[ML] Refactor the RDataLoader: new cluster-aligned reading pattern, improved shuffling strategy and new Python API by siliataider · Pull Request #21888 · root-project/root

siliataider · 2026-04-10T17:50:27Z

This Pull request:

This PR refactors the ML DataLoader infrastructure to implement a cluster-aware reading strategy with improved shuffling semantics and a new Python interface.

Data flow & cluster-aligned reading strategy

flowchart TB
    RDF["RDataFrame(s)"] --> SCAN["ScanClusters()<br/>extract cluster boundaries"]
    SCAN --> SPLIT["SplitDataset()<br/>Each cluster split into → <br/> (1-val_split) train + val_split validation"]
    
    SPLIT --> ACTIVATE["ActivateEpoch()"]
    ACTIVATE --> SHUFFLE{"shuffle?"}
    SHUFFLE -->|Yes| SHUFFLE_ORDER["Shuffle cluster order"] --> LOAD
    SHUFFLE -->|No| LOAD
    
    subgraph LOAD["Loading Loop (Background Thread)"]
        ACC["Accumulate clusters<br/>until buffer ≈ full"]
        READ["Load into staging buffer<br/>(filters evaluated here)"]
        SHUF["Shuffle rows in buffer"]
        BATCH["Create batches → queue"]
        
        ACC --> READ --> SHUF --> BATCH
    end
    
    LOAD --> CONSUMER["Consumer: GetTrainBatch() / GetValidationBatch()"]
    
    subgraph FILTER["Lazy Filter Discovery"]
        E1["First epoch: discover actual counts"]
        E2["Subsequent: use discovered counts"]
        E1 -.-> E2
    end
    
    READ -.-> FILTER

New Python Interface

train, val = ROOT.Experimental.ML.RDataLoader(
    df,
    batch_size=1024,
    batches_in_memory=10,    # Controls buffer size (replaces chunk_size/block_size)
    target="label",
    validation_split=0.2,
)

# 3 possible output formats (like before)
for x, y in train.AsNumpy():
    # train model

for x, y in train.AsTorch():
    # train model

for x, y in train.AsTensorFlow():
    # train model

The new parameter

The batches_in_memory parameter controls how much data is held in memory at once, affecting both memory usage and shuffle quality.

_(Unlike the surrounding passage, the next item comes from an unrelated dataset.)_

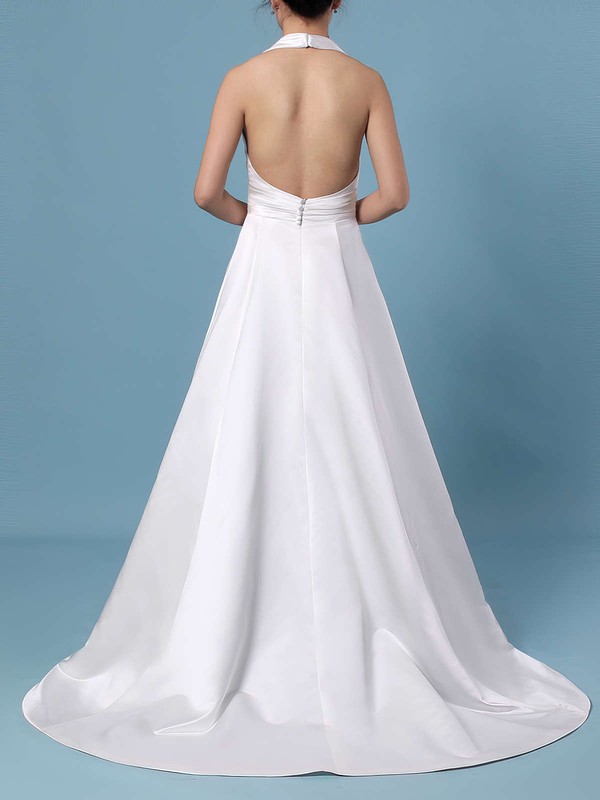 Ball Gown Halter Satin Sweep Train Ruffles Wedding Dresses #LDB00023424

Buffer Capacity = batch_size × batches_in_memory

How it works:

The loading thread accumulates clusters until the buffer reaches approximately batches_in_memory × batch_size rows
Rows within this buffer are shuffled together before batching
Higher batches_in_memory = better cross-cluster mixing, but more memory usage

Note

This implementation supports passing multiple RDataFrames, fixes #21782
The feature of multiple filtered RDataFrames is yet to be added

TODO

Docs and release notes in a secondary PR

github-actions · 2026-04-10T22:43:24Z

Test Results

21 files 21 suites 2d 23h 40m 0s ⏱️
3 833 tests 3 831 ✅ 1 💤 1 ❌
73 083 runs 73 064 ✅ 18 💤 1 ❌

For more details on these failures, see this check.

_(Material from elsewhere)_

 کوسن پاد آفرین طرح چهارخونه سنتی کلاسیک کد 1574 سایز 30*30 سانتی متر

Results for commit 57e9f5e.

♻️ This comment has been updated with latest results.

vepadulano

Thanks for this extensive work! I'm not finished yet with the full review but I leave a couple of first fly-by thoughts

vepadulano · 2026-04-14T15:08:30Z

bindings/pyroot/pythonizations/python/ROOT/_pythonization/_ml_dataloader.py

        ROOT.EnableThreadSafety()

-        self.generator = ROOT.Experimental.Internal.ML.RBatchGenerator(template)(
+        self.data_loader = ROOT.Experimental.Internal.ML.RDataLoader(template)(


It's a bit weird to see both ROOT.Experimental.ML.RDataLoader and ROOT.Experimental.Internal.RDataLoader with the same name. While I'm fine with changing name to the RBatchGenerator class since the new functionality goes a bit beyond the initial implementation, I wonder if we should give it a different name?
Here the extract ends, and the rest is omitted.